SELECT * FROM account WHERE account_id in ( SELECT distinct account_id FROM message mes WHERE mes.sender = 'foo@gmail.com' )
or
SELECT distinct account.* FROM account acc INNER JOIN message mes ON mes.account_id = acc._id WHERE mes.sender = 'foo@gmail.com'
Thanks!
Advertisement
Answer
Always use the first query in such situations. Don’t use DISTINCT
inside an IN
clause subquery, though. Don’t try to tell the DBMS how to perform the IN
. (Well, a good DBMS should simply ignore the DISTINCT
and make up its own mind how to look up the rows.)
SELECT * FROM account WHERE account_id IN (SELECT account_id FROM message mes WHERE mes.sender = 'foo@gmail.com');
Ideally you’d have an index on message (sender, account_id)
. The message table itself wouldn’t even have to be read. The sender is looked up in the index, then all matching account IDs taken. With that you read the accounts and that’s it. Without an index this is probably much slower, but still: Read the message table once, pick up the distinct account IDs, then read the accounts.
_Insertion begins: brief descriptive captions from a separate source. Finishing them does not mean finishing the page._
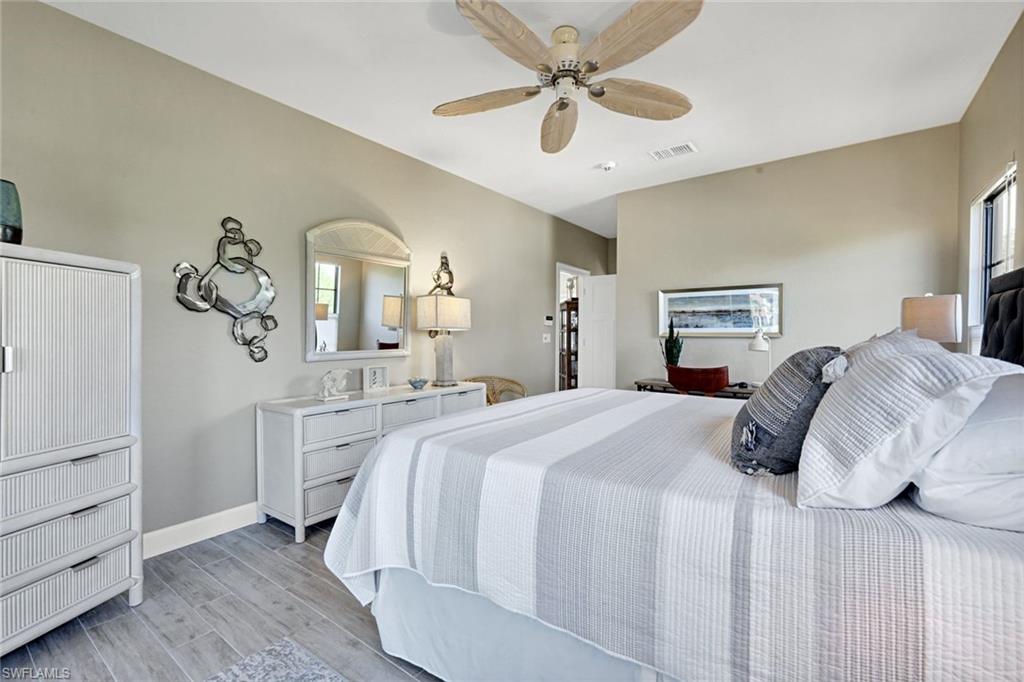 HARBOUR COTTAGES - Residential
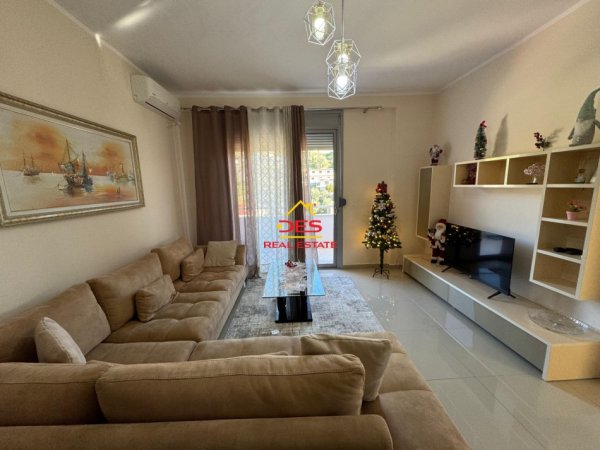 Vlore, jepet me qera apartament 2+1+Ballkon Kati 7, 110 m² 450 € (Rruga Sulejman Delvina, Vlorë)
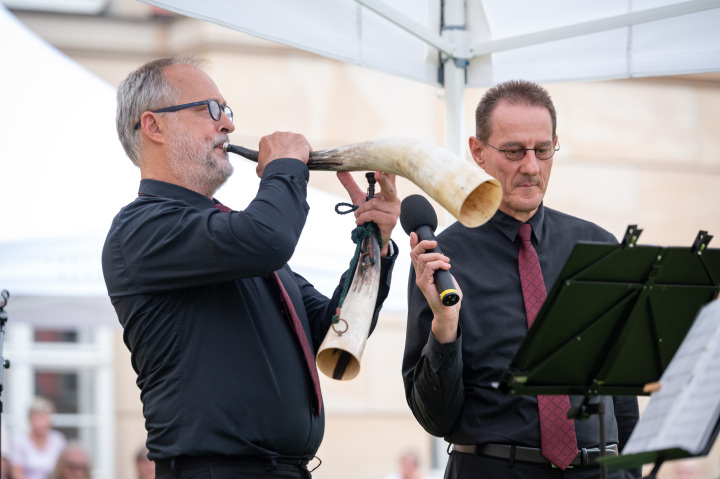 Zu Beginn des Auftritts präsentierte das Hornquartett des Brandenburgischen Staatsorchesters Frankfurt das Jagdhorn.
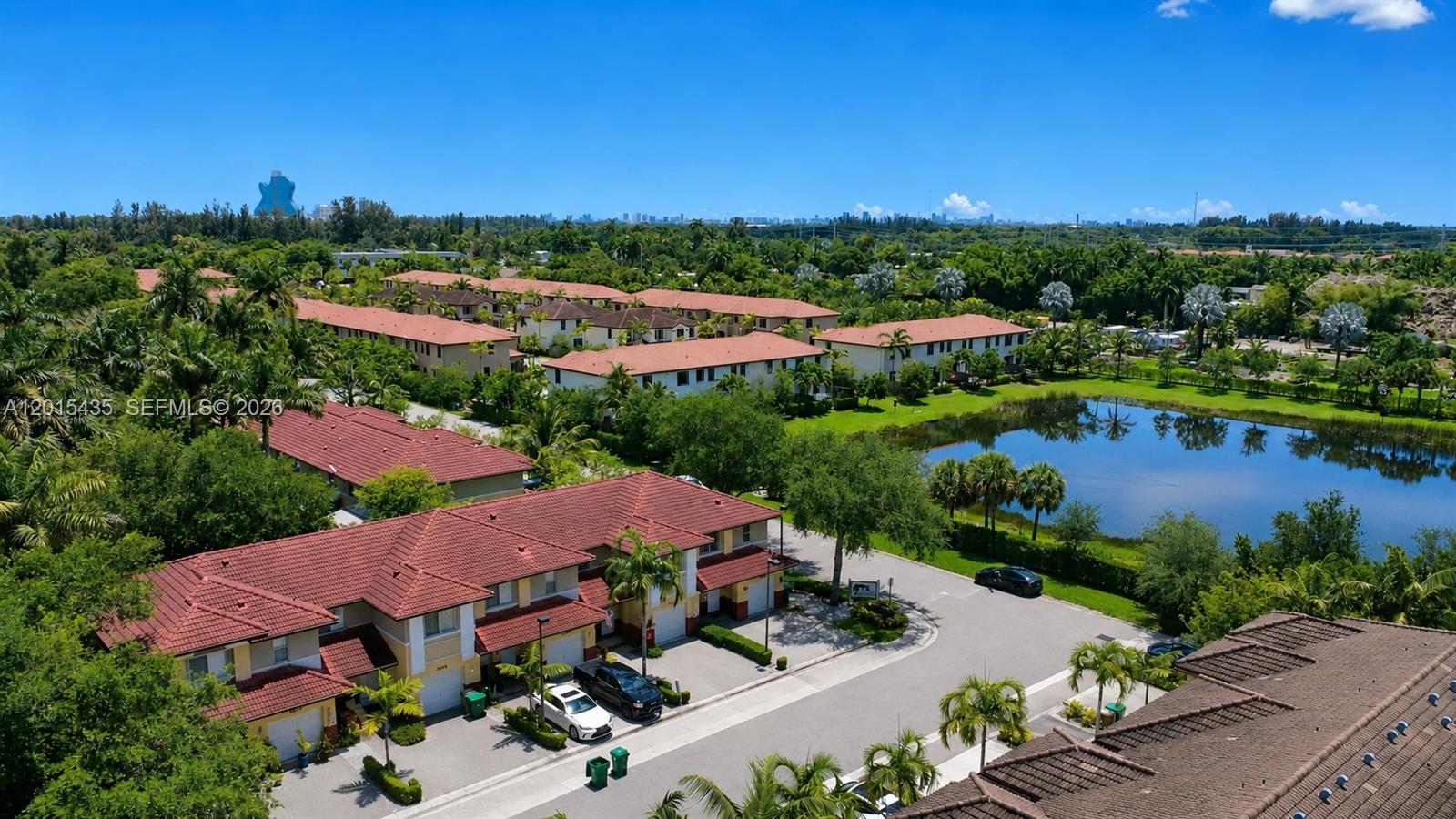 PALM GARDEN - Residential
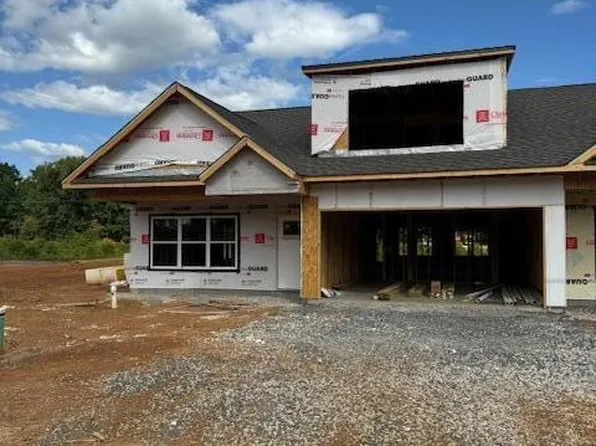 7314 Whispering Creek Lane Dr, Powell, TN 37849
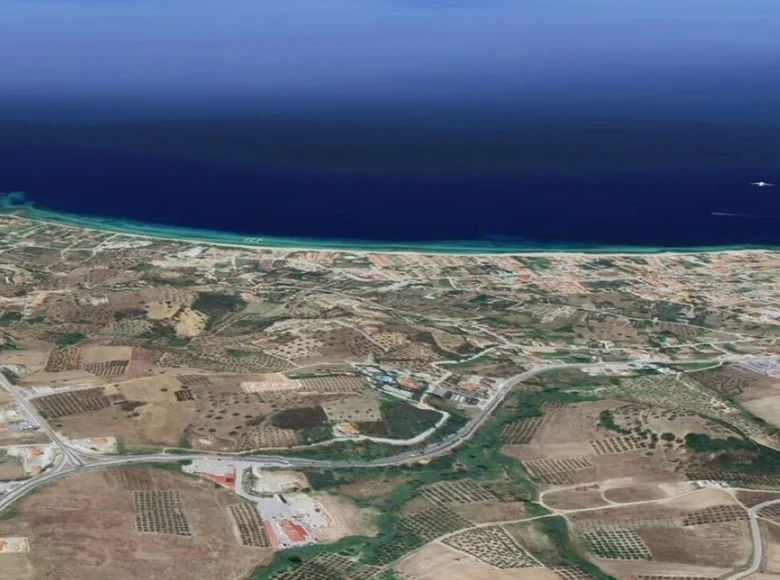 Land 792 m² Nikiti, Greece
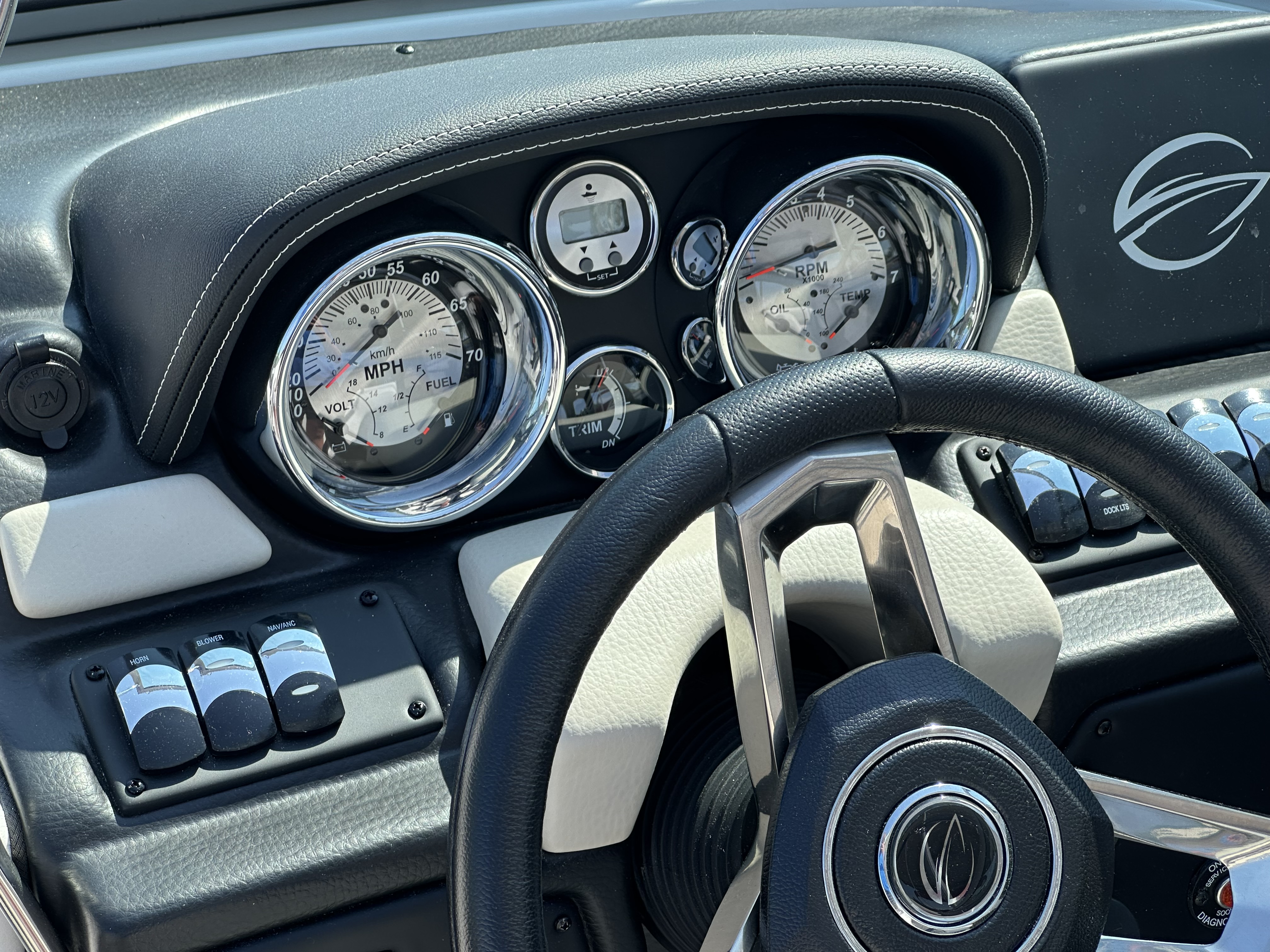 2025 Crownline 200 SS - Photo 8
No big deal.
With a join instead you’d combine all messages with their accounts. This can be quite a big intermediate result, which must be sorted to get distinct rows. A costly operation. And even if the DBMS is great with joins and sorting and does this extremely fast, then it can still use this same approach for the simple query with the IN
clause. It’s up to the DBMS to make a good plan and a perfect DBMS would come up with exactly the same plan for the two queries 🙂
My advice: Only join when you are interested in the joined result. In your case you are not. You are interested in accounts matching some criteria, so write the query accordingly. Don’t mutilate your queries, because of thinking the DBMS will use another slick approach then. It may even do this in the current DBMS version and stop doing this with the next update. Keep your queries as readable as possible. If you want accounts where a certain messages exists, use WHERE
with EXISTS
or IN
. This is how SQL is supposed to be written.